Offshore island resorts

[135] Consideration was first given to modern award arrangements for offshore island resorts in dealing with the priority industries.44 The Full Bench deferred consideration of award coverage for offshore island resorts currently subject to the Off-Shore Island Resorts Award – State 2005 (Qld) 45 (the Queensland Offshore NAPSA) until Stage 3.

[136] In the Stage 3 consultations submissions were made on behalf of some island resorts respondent to the Queensland Offshore NAPSA:

[137] The Australian Hotels’ Association (AHA) put submissions on behalf of some other respondents to the Queensland Offshore NAPSA – Hayman Island and the Voyagers Group. All of those employers sought a separate modern award for offshore island resorts, based upon the Queensland Offshore NAPSA. In the alternative they sought separate provisions within the Hospitality Modern Award, directed to incorporating the broader range of classifications within which employees working on offshore islands are engaged and flexibility to permit employees to undertake work across classifications.

[138] The principal unions with an interest in the industry, the LHMU and the AWU, opposed a separate award or the provision of separate safety net terms and conditions of employment from those in the Hospitality Modern Award. The Communications, Electrical, Electronic, Energy, Information, Postal, Plumbing and Allied Services Union of Australia (CEPU) submitted that the work performed by electrical and electronic employees will be adequately covered by other modern awards.
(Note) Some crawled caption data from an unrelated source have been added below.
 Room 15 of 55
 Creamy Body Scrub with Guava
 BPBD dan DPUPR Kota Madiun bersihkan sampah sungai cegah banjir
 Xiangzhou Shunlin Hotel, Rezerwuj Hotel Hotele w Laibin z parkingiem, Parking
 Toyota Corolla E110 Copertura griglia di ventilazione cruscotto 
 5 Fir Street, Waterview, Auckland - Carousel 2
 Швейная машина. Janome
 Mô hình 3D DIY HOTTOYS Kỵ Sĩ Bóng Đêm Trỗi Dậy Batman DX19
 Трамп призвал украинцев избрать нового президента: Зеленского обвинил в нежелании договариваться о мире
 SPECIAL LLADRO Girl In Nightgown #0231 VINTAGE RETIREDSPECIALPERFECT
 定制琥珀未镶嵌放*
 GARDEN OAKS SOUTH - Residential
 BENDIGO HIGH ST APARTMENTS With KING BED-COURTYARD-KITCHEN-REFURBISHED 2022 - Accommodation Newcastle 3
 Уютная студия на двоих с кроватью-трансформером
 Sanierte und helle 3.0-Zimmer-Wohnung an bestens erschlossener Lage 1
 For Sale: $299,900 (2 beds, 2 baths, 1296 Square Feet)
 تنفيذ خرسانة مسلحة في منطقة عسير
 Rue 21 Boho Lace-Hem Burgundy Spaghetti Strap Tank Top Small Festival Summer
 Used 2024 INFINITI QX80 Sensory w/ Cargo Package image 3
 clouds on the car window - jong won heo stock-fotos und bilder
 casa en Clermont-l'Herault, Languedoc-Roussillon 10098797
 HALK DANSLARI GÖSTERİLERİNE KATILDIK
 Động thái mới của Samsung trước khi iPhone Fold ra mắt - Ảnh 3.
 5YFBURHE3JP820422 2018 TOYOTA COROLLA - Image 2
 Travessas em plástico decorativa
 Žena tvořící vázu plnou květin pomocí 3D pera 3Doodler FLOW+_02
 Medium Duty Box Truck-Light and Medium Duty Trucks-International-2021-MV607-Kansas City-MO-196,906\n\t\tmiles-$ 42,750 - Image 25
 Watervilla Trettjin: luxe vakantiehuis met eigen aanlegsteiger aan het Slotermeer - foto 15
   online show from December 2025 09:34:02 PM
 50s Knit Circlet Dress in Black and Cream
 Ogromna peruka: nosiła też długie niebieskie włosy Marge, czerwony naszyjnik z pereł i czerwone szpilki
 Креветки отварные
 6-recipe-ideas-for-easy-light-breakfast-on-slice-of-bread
[139] We have decided to reject the employers’ proposal at this stage. The Hospitality Modern Award should be varied to delete clause 4.1(h), which exempted offshore island resorts from coverage. We will, however, consider appropriate transitional arrangements for employers covered by the Queensland Offshore NAPSA to allow those employers a period of time to negotiate appropriate agreements, bearing in mind there are already agreements which operate on top of the Queensland Offshore NAPSA.

[140] We have taken this approach for several reasons. First, it is evident that while the Queensland Offshore NAPSA is a multiple-employer award it applies to a limited number of offshore island resorts in Queensland. It does not cover the offshore island resort industry as a whole. A majority of offshore island resorts are covered by general hospitality awards and NAPSAs. There is no good reason to extend the Queensland Offshore NAPSA arrangements to offshore island resorts generally for the purpose of a safety net award, nor to distinguish between offshore island resorts. Indeed, notwithstanding the endeavours of the AHA to provide a definition of offshore island resorts to allow such a distinction, it is not apparent to us that a workable definition can be derived.

[141] Secondly, the classification structure and rates in the Queensland Offshore NAPSA are not consistent with minimum rates and allowances in other safety net awards. When the traditional hospitality classifications in the Queensland Offshore NAPSA rates are adjusted for Australian Fair Pay Commission increases the minimum rates are still below those for comparable classifications in the Hospitality Modern Award. In addition, the classifications and rates proposed in respect of non-traditional classifications provide an extremely compressed classification structure for particular occupations and inadequate minimum wages. This is best illustrated by reference to the single classification for a nurse at salary level 7, which includes a registered nurse. The Nurses Award 201046 provides wages for registered nurses at level 1, commencing at $697 per week, and going up to $843 per week. In comparison the updated Queensland Offshore NAPSA rate for a nurse is $680.50.

[142] Finally, we believe there will be sufficient scope for employees to work flexibly across classifications at the same level in the Hospitality Modern Award.

Oil and gas industry

[143] We have decided to publish three exposure drafts. They are the Hydrocarbons Industry (Upstream) Award 2010, the Oil Refining and Manufacturing Award 2010 and the Gas Industry Award 2010.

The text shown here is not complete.